Australia’s overseas climate aid needs to increase8 November 2023 |
‘If you break it, fix it’– Australia’s obligation to take responsibility for climate harm in our region
High on the list of issues at this week’s Pacific Islands Forum in the Cook Islands will be responding to climate change and whether Australia is doing our fair share to support our Pacific neighbours.
On the evidence, it is hard to avoid the conclusion that Australia is falling short of its obligations to assist developing countries to respond to climate change. Overwhelmingly, the harms of climate change are affecting developing countries, yet they have contributed least to the causes of climate change.
Even worse, as the 2022 United Nations Least Developed Countries report notes, while developing countries bear the least historical responsibility for climate harms, they are now bearing more of the burdens.

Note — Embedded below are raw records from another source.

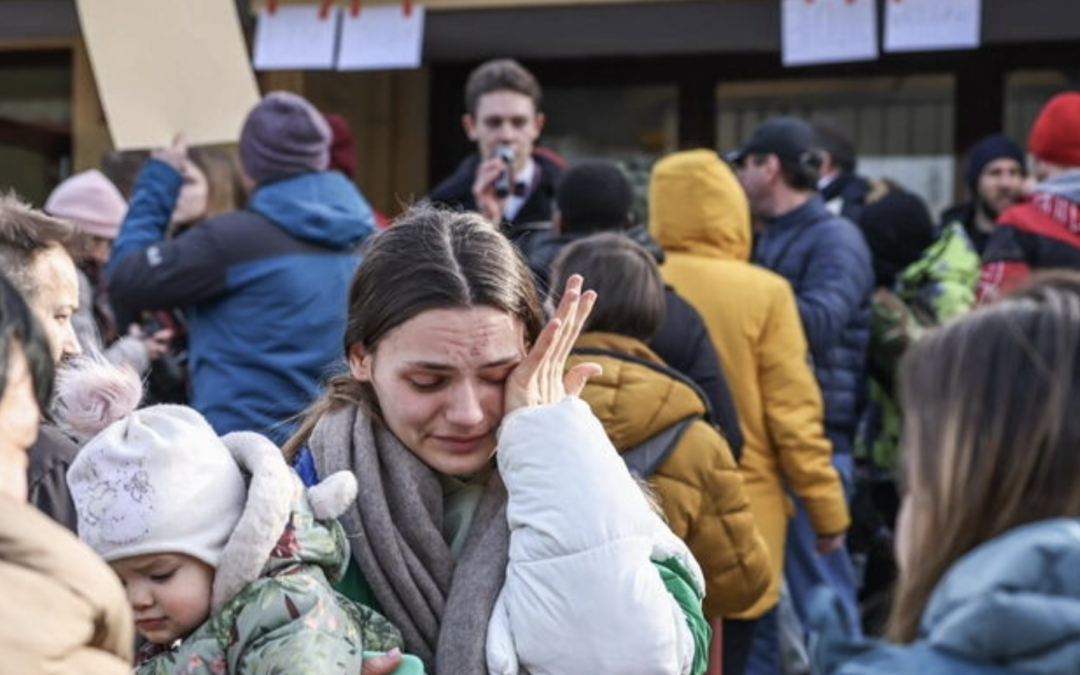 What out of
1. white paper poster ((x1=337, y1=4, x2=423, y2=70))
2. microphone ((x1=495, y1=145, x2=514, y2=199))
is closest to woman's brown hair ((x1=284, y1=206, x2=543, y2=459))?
microphone ((x1=495, y1=145, x2=514, y2=199))

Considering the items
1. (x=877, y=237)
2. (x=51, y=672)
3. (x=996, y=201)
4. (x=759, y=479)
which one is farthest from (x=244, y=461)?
(x=996, y=201)

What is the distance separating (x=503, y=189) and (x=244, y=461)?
372 cm

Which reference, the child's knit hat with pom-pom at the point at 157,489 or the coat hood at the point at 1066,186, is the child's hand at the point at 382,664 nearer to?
the child's knit hat with pom-pom at the point at 157,489

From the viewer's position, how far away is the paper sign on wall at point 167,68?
5473mm

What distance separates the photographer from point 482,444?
290 cm

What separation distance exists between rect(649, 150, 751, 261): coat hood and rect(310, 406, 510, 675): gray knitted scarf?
3.05 m

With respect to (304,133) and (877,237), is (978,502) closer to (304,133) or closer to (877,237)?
(304,133)

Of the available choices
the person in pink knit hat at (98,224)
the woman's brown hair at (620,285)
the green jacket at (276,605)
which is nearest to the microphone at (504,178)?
the person in pink knit hat at (98,224)

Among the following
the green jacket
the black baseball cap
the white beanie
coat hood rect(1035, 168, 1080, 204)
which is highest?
the black baseball cap

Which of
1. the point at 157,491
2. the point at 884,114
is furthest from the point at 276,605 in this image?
the point at 884,114

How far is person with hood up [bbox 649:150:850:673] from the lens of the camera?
19.0 feet

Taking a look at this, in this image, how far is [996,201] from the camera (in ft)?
25.6

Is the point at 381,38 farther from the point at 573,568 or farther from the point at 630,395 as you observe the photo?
the point at 573,568

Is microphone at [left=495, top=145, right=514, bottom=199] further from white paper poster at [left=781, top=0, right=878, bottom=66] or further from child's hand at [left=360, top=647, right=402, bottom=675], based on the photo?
child's hand at [left=360, top=647, right=402, bottom=675] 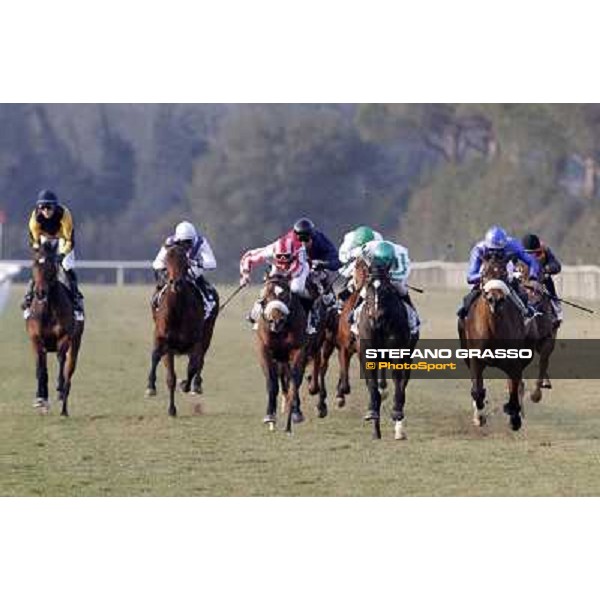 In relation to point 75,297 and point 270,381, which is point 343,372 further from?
point 75,297

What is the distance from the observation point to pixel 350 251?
1831 cm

During the last 50 years, 69% of worldwide deaths from climate disasters have occurred in these countries.
These facts will be top of mind for Pacific countries at the Forum, along with their knowledge that Australia’s climate transition plans are mainly focused on our own domestic emissions reductions and adaptation needs.
Currently, Australia spends six times as much on domestic action as it does on assisting developing countries with climate change.
Also, this international climate spending is not new and additional to general aid spending, but rather represents aid double-counted as climate finance for projects which have climate objectives.
This is a very poor response considering that Australia emits so much greenhouse gases.
In 2021, Australia’s reported domestic emissions were 488 Mts CO2-e, just over 1% of global emissions. That may not sound like much, but it places Australia as the world’s 16th largest emitter in gross terms. Countries like Australia have also been heavy emitters for many decades.
But the government does not count or take responsibility for the huge contribution to global emissions of being one of the world’s largest fossil fuel exporters. As we are only required to count GHG emissions created within Australia, the emissions associated with Australia’s exported fossil fuel products are not attributed to Australia.
This hides the significant fact that in 2021, emissions produced overseas from Australia’s fossil fuel exports were more than double our domestic emissions from all sources.
Given Australia’s significant contribution to climate change and unequal distribution of impacts internationally, the country needs a better roadmap for sharing responsibilities for strong climate action.
For example, Australia emits more than 10 times as many greenhouse gases as a country like PNG but it has among the lowest level of resources to deal with the impacts.
To meaningfully address their full climate impacts, countries like Australia need to consider the unequal distribution of climate harms, particularly for developing countries, when planning their climate responses, including by considering not only domestic ambitions, but what resources we can allocate to address these harms globally.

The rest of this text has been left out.